Short web captions:
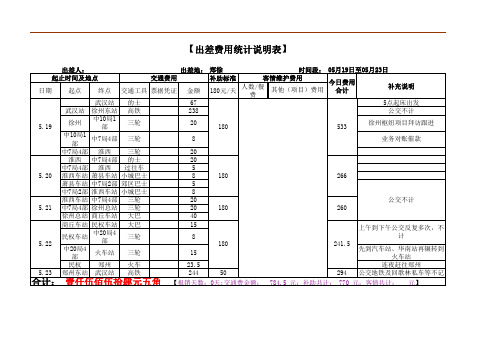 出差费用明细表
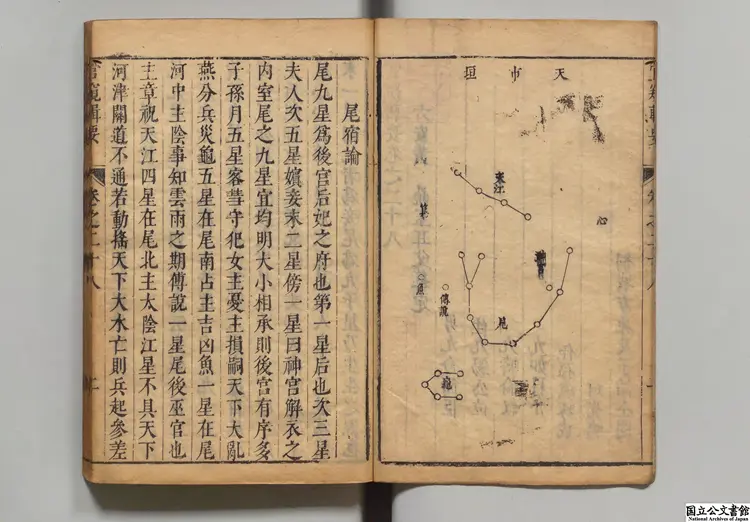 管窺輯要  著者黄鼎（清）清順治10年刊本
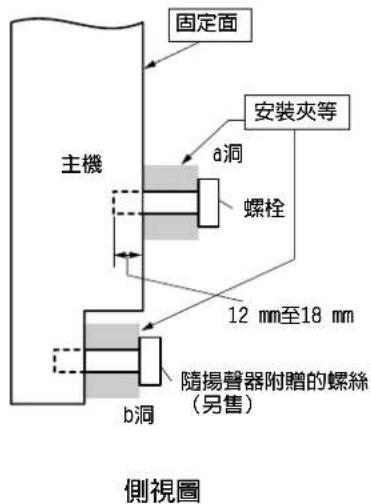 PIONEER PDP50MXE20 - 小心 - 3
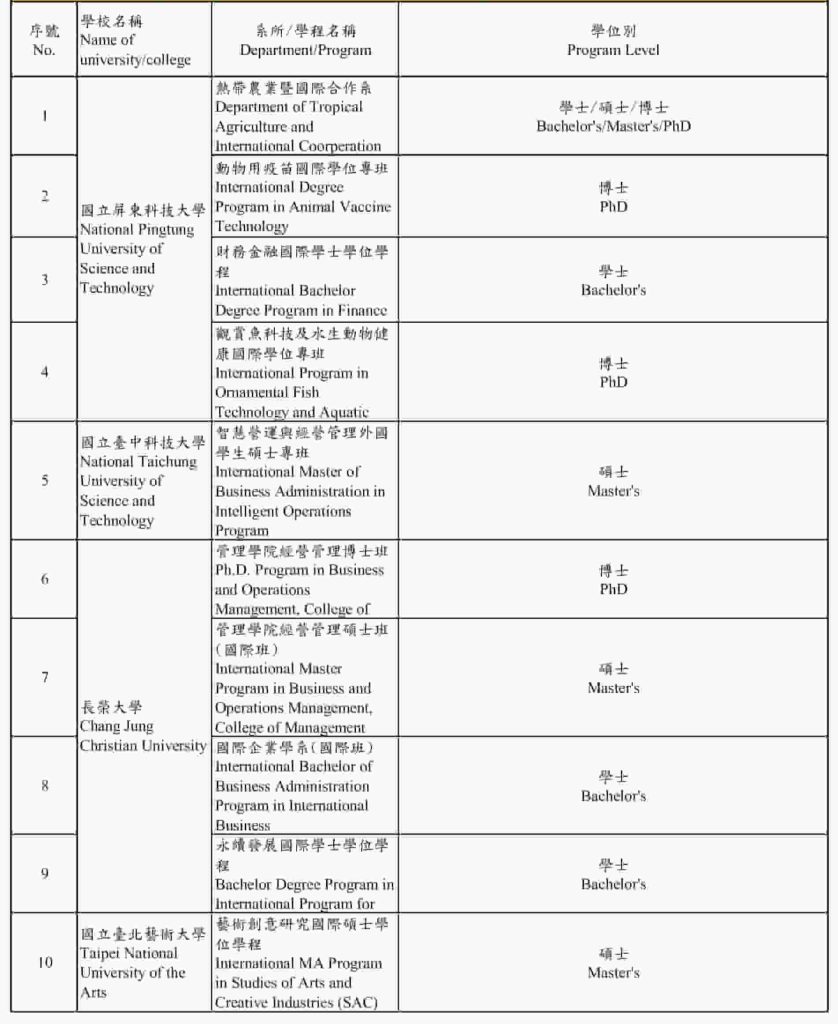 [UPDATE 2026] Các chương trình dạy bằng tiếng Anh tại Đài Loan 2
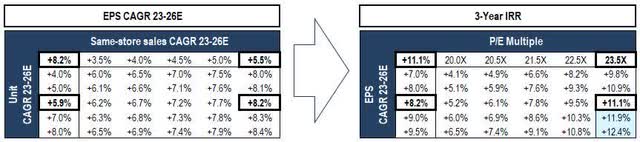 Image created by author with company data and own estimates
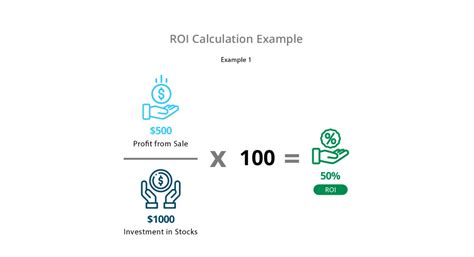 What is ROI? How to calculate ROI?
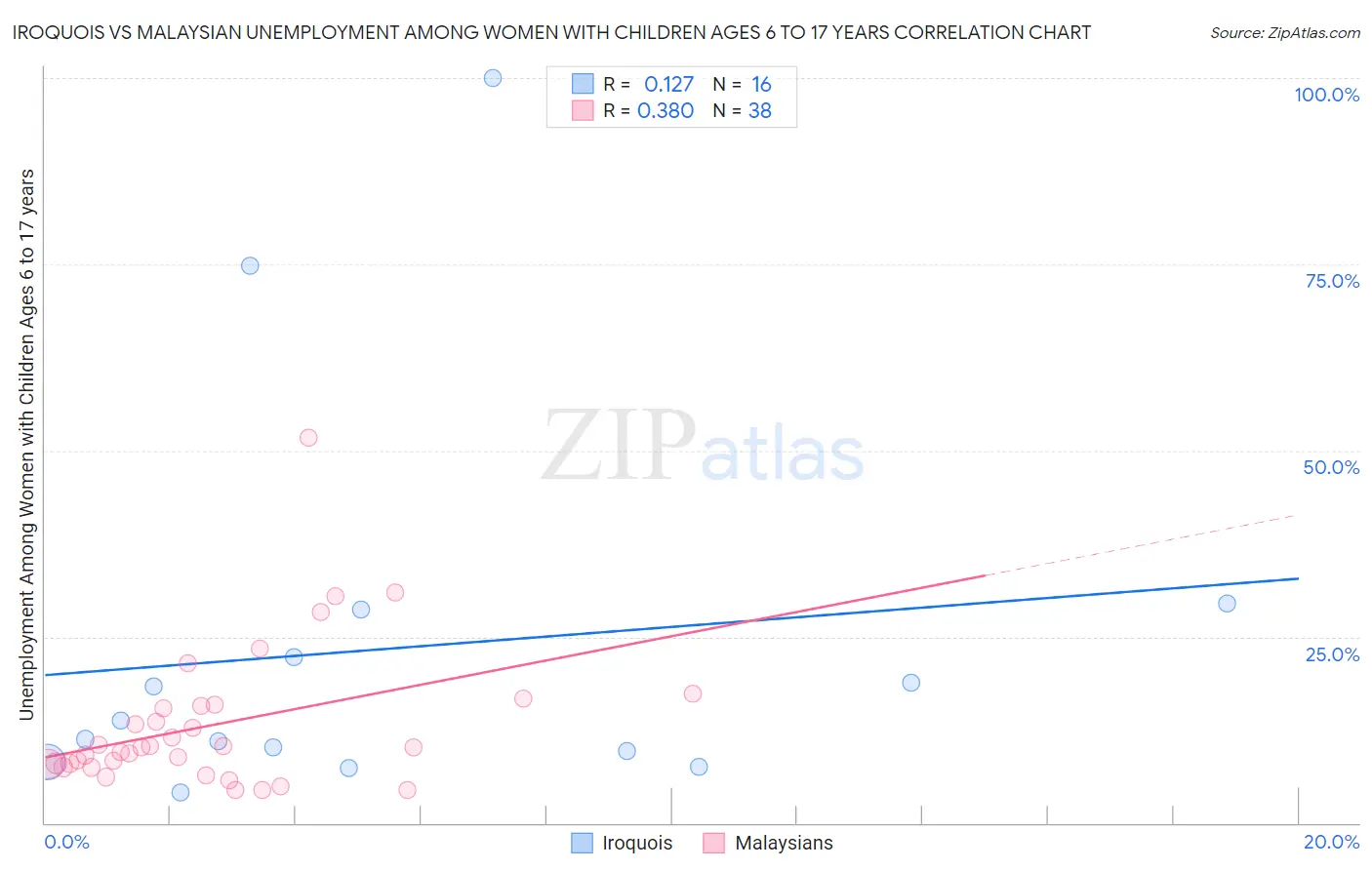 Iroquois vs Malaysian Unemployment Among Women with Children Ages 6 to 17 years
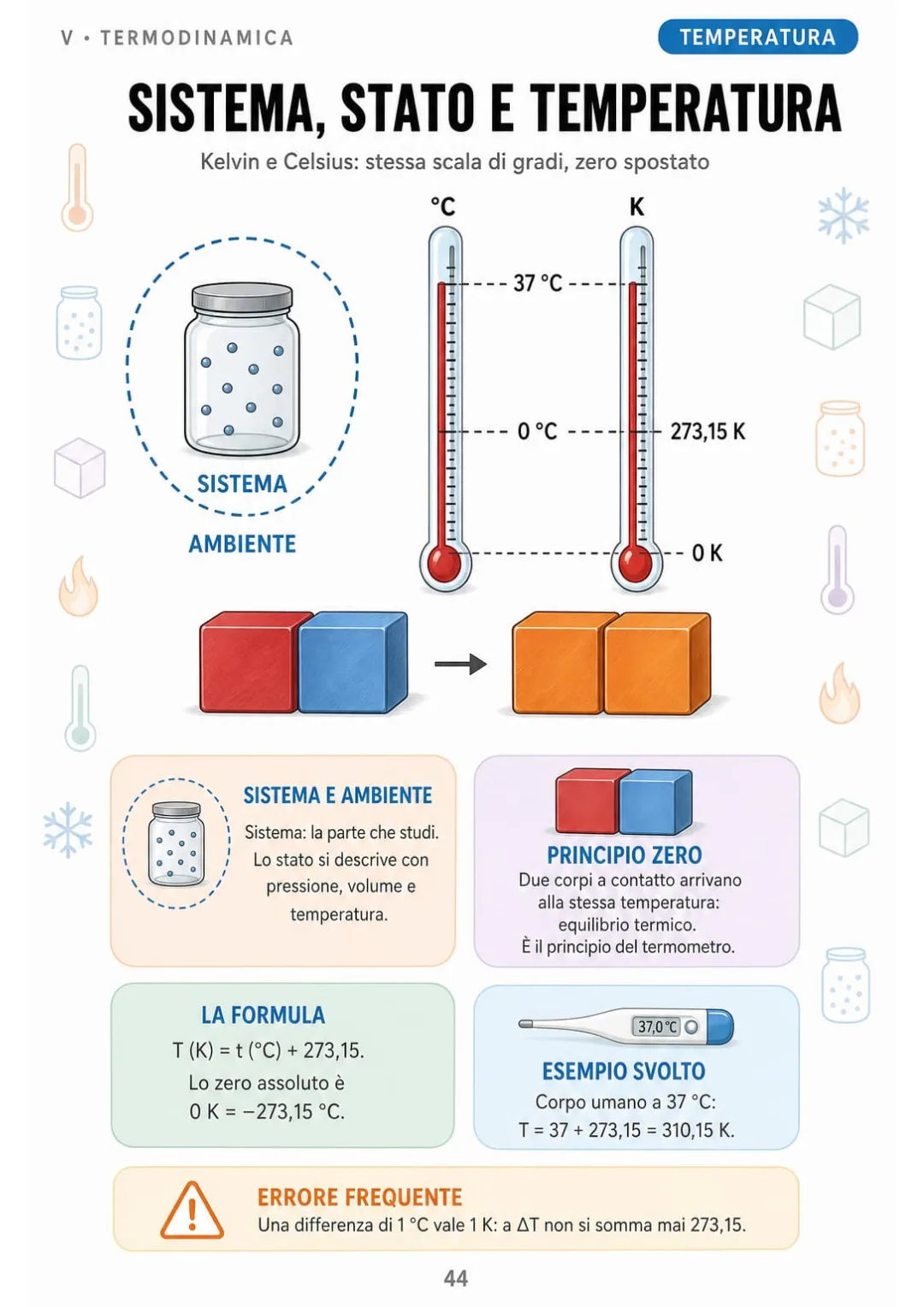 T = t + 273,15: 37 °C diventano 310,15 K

# EXERCISE
Your copy should hold only the lines from the line with "What is ROI? How to calculate ROI?" through the end of the data above, both ends included, transcribed exactly and without pictures.

# SOLUTION FOR THIS TASK
 What is ROI? How to calculate ROI?
 Iroquois vs Malaysian Unemployment Among Women with Children Ages 6 to 17 years
 T = t + 273,15: 37 °C diventano 310,15 K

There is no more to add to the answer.